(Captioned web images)
• • •
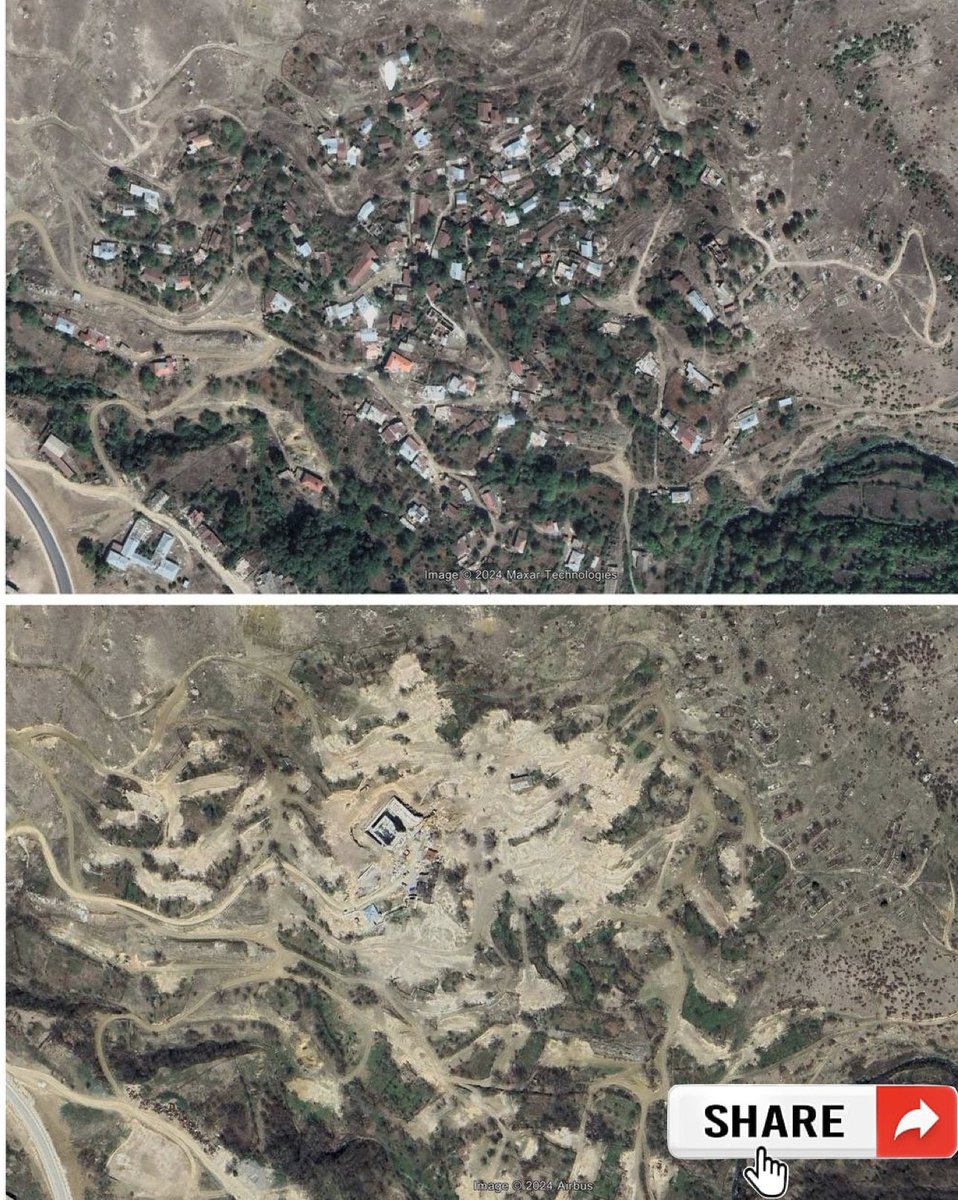 Images depict the Christian village of Karin Tak before and after the occupation by Azerbaijan. The village has been completely destroyed. The Christian villagers have been subjected to ethnic cleansing from their Christian homeland, and the churches have been desecrated and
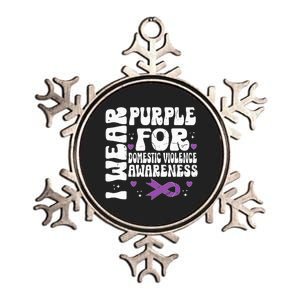 funny I Wear Purple Domestic Violence Awareness Metallic Star Ornament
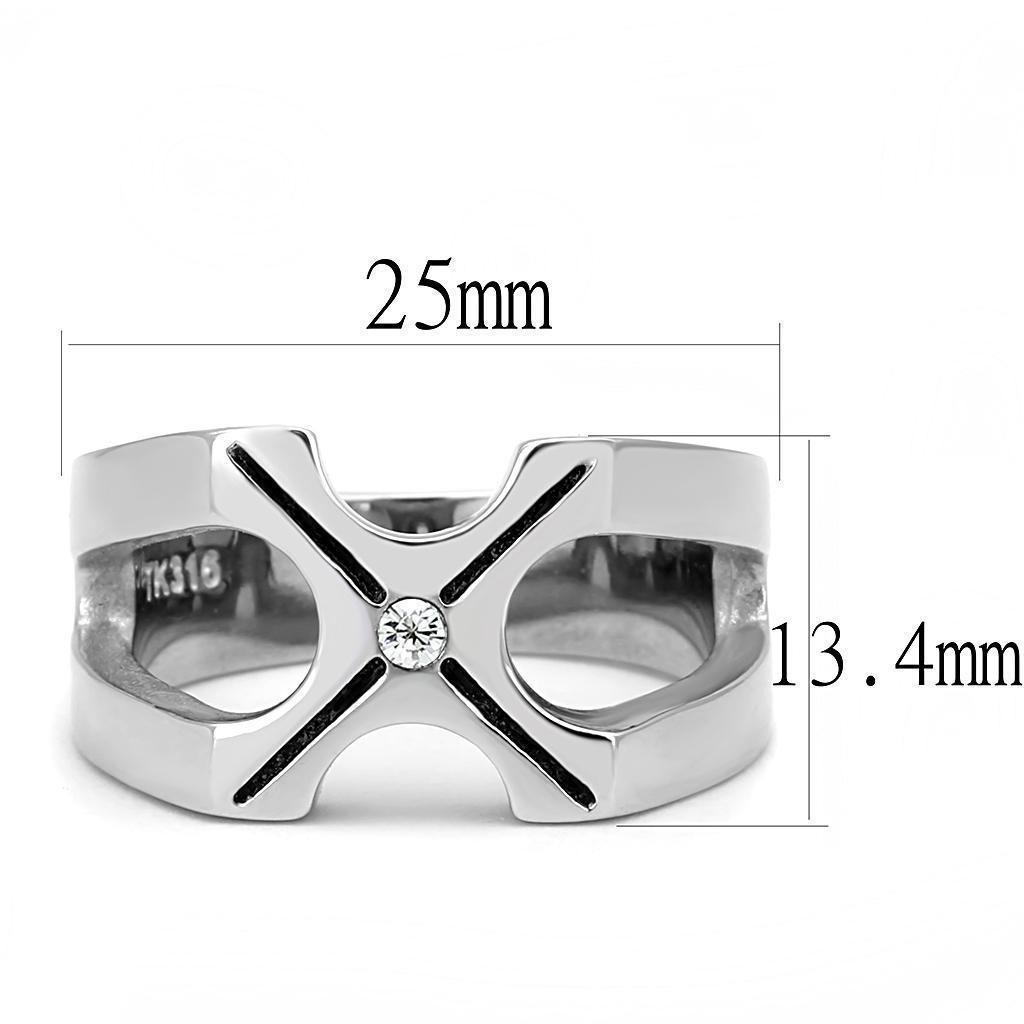 Anillo Color Plata Para Hombres de Acero Inoxidable en Equis - Jewelry Store by Erik Rayo
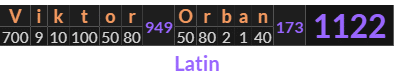 "Viktor Orban" = 1122 (Latin)
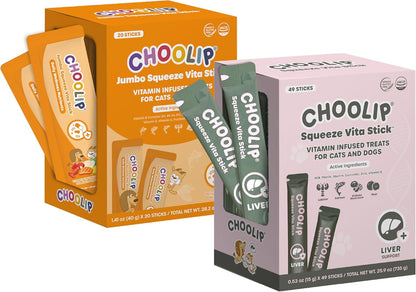 Choolip Bundle | 20pc Jumbo Squeeze Vita Sticks with Essential multivitamins + 49 Liver Support Squeeze Vita Sticks with Essential multivitamins [Both Products are for Cats & Dogs of All Life Stages]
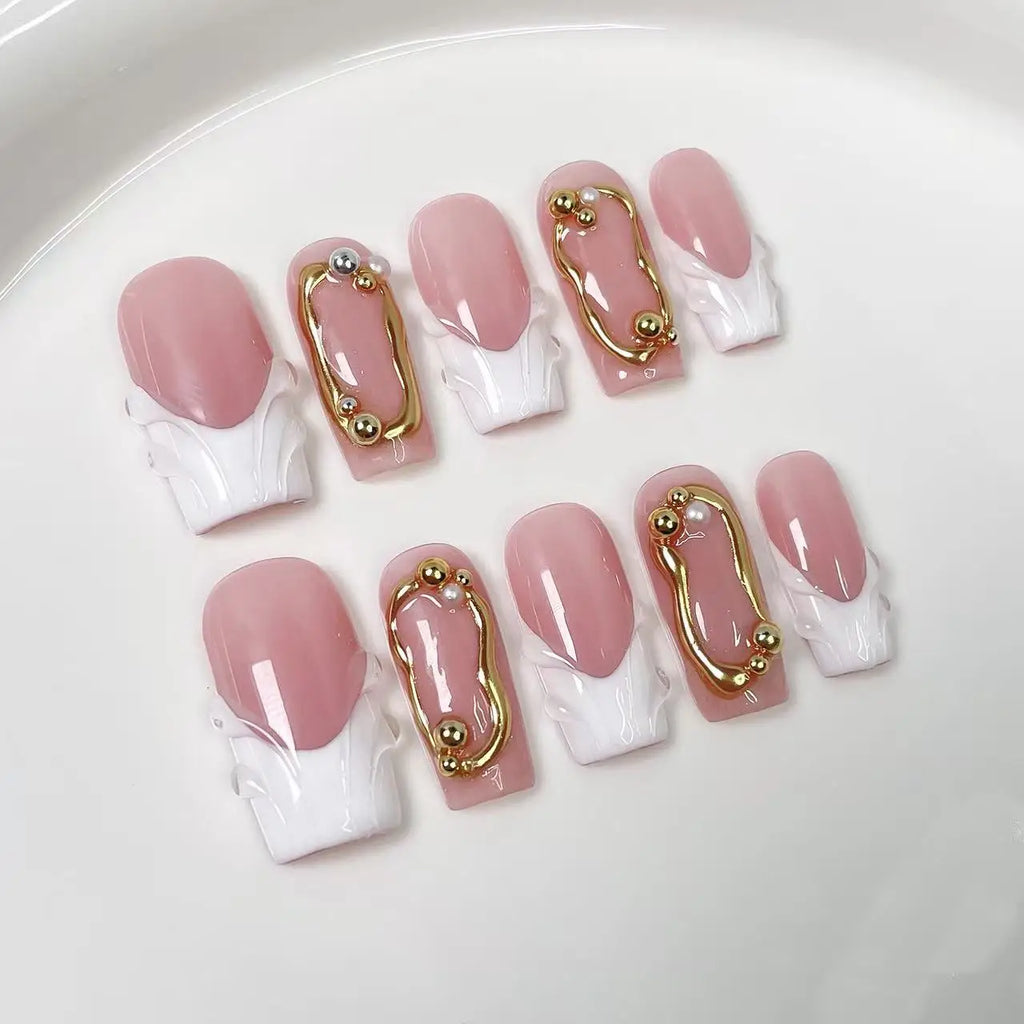 Luxury Pearl & Gold Wave Handmade Glossy 🤍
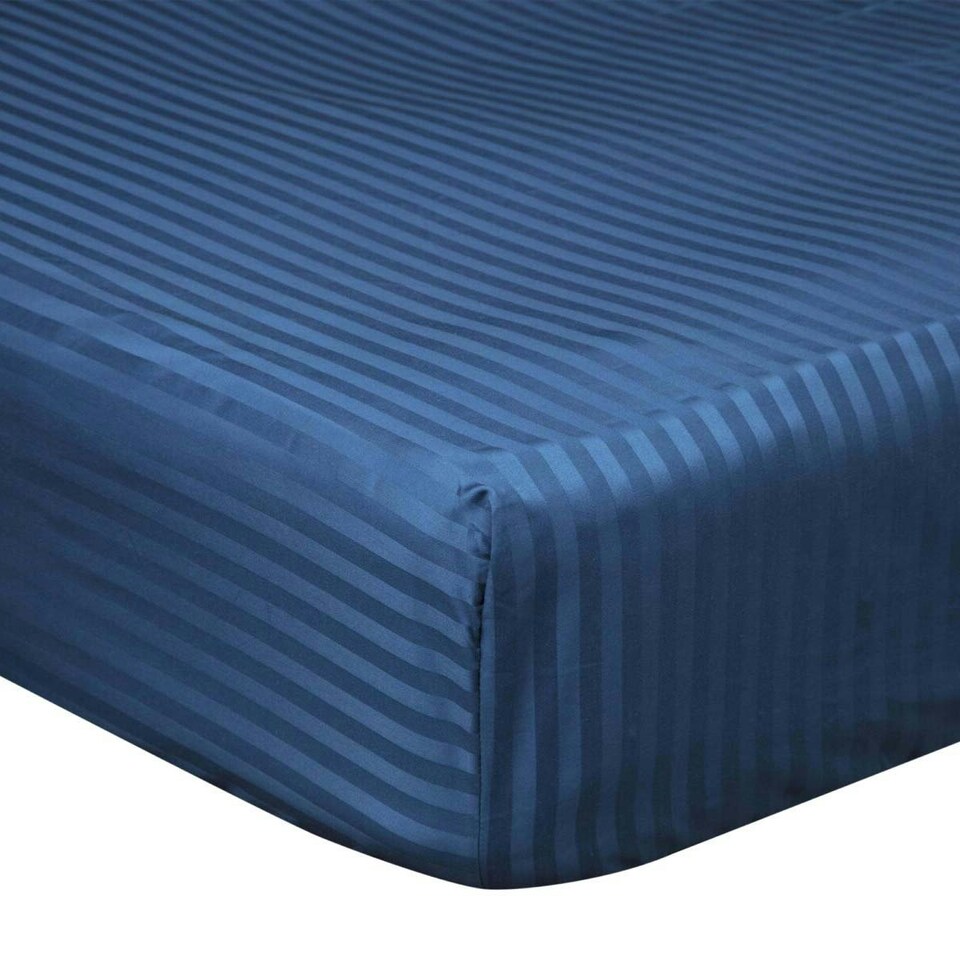 Belledorm 540 Thread Count Satin Stripe Extra Deep Fitted Sheet - Navy - Single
• • •
Your copy of the entries must be exact and must contain no pictures.

▶ **OUTPUT**
 Images depict the Christian village of Karin Tak before and after the occupation by Azerbaijan. The village has been completely destroyed. The Christian villagers have been subjected to ethnic cleansing from their Christian homeland, and the churches have been desecrated and
 funny I Wear Purple Domestic Violence Awareness Metallic Star Ornament
 Anillo Color Plata Para Hombres de Acero Inoxidable en Equis - Jewelry Store by Erik Rayo
 "Viktor Orban" = 1122 (Latin)
 Choolip Bundle | 20pc Jumbo Squeeze Vita Sticks with Essential multivitamins + 49 Liver Support Squeeze Vita Sticks with Essential multivitamins [Both Products are for Cats & Dogs of All Life Stages]
 Luxury Pearl & Gold Wave Handmade Glossy 🤍
 Belledorm 540 Thread Count Satin Stripe Extra Deep Fitted Sheet - Navy - Single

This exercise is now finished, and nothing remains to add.